Pour des foins un peu limite au niveau de la matière sèche, il est recommandé d’éviter un pressage trop important et donc de réaliser des ballots carrés. Les balles rondes sont moins à risque et l’idéal est d’utiliser une presse à chambre fixe. Si une presse à chambre variable est utilisée, éviter de serrer au maximum (>< balles enrubannées).

Il est aussi conseillé d’éviter d’entasser trop rapidement les ballots. À l’intérieur du tas, les ballots de foin ne sont plus bien aérés et le foin étant un bon isolant, la chaleur et l’humidité ne pourront être évacués de manière suffisante. S’il y a risque d’échauffement, les balles rondes peuvent rester au champ beaucoup plus longtemps que les balles carrées sans trop craindre la pluie.

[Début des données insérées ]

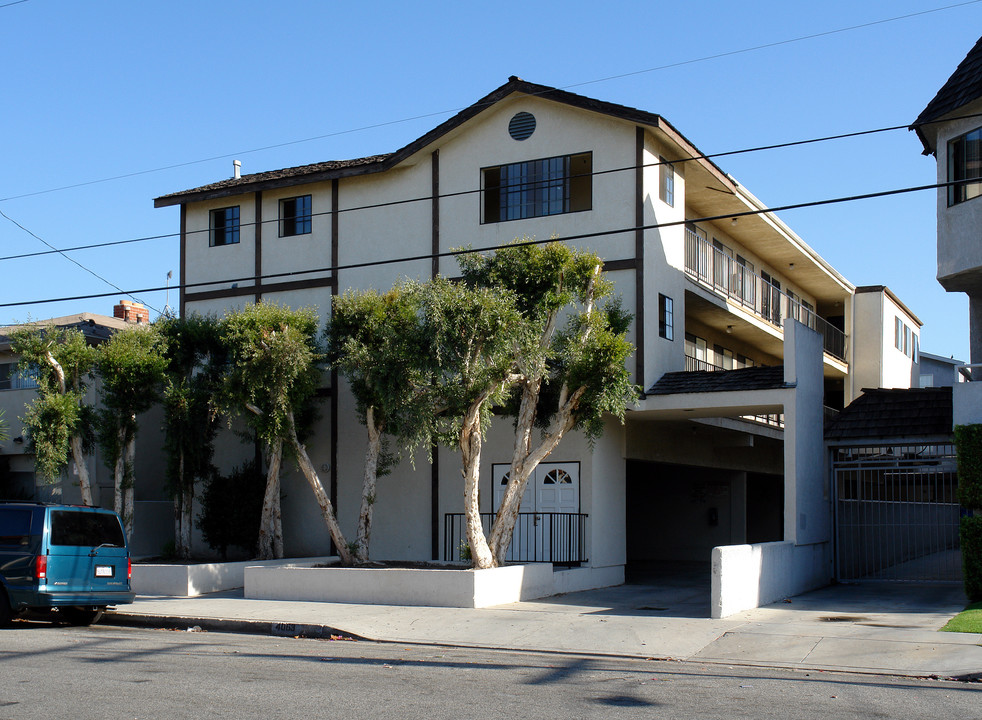 4063 W 130th St in Hawthorne, CA - Building Photo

Les foins jeunes plus à risque que les foins tardifs

Si la coupe de foin est réalisée tôt dans la saison (moi de mai) ou si c’est un foin de regain, la probabilité d’avoir une herbe riche en sucres solubles et en protéines est plus élevé que pour un foin fauché au stade floraison (juin à mi-juin) Les foins riches en matière organique nécessaires au développement des microorganismes seront donc beaucoup plus sujet à échauffement surtout que le séchage optimal sera lui-même plus délicat à atteindre. De même les prairies qui ont reçues une fertilisation azotée conséquente seront souvent fauchées plus précocement, seront plus riches en eau et en nutriments, plus difficile à faner et donc plus à risque.

La flore des prairies

En plus du stade de fauche qui influencera la faculté à récolter le fourrage en foin ou pas, un facteur à ne pas négliger est le type de flore des prairies. En effet, des espèces comme les ray-grass (anglais, hybrides ou italiens) sont bien plus riches en sucres que d’autres espèces. Si l’ensoleillement est maximum comme en juin 2023, la concentration en sucres dans ces plantes est aussi trop élevé pour en faire du foin. De plus, leur faculté à sécher est moindre que des fétuques, des fléoles ou des dactyles. Une prairie récemment installée (moins de 2 ans) avec une base de ray-grass sera beaucoup plus difficile à faner qu’une plus vielle prairie à flore diversifiée. En effet, l’herbe colle ensemble et un fanage homogène est compliqué.

Les points d’attention

  • Atteindre 85% de MS (= 15% d’humidité) ! Hétérogénéité dans la parcelle ; 
  • Éviter un pressage trop important des ballots ;
  • Ne pas entasser les ballots trop rapidement ;
  • Éviter d’entreposer des ballots à risque au milieu du tas dans le hangar ; 
  • Attention à la flore de la praire (! ray-grass riches en sucres) ;
  • Les foins jeunes sont plus à risque que les foins tardifs.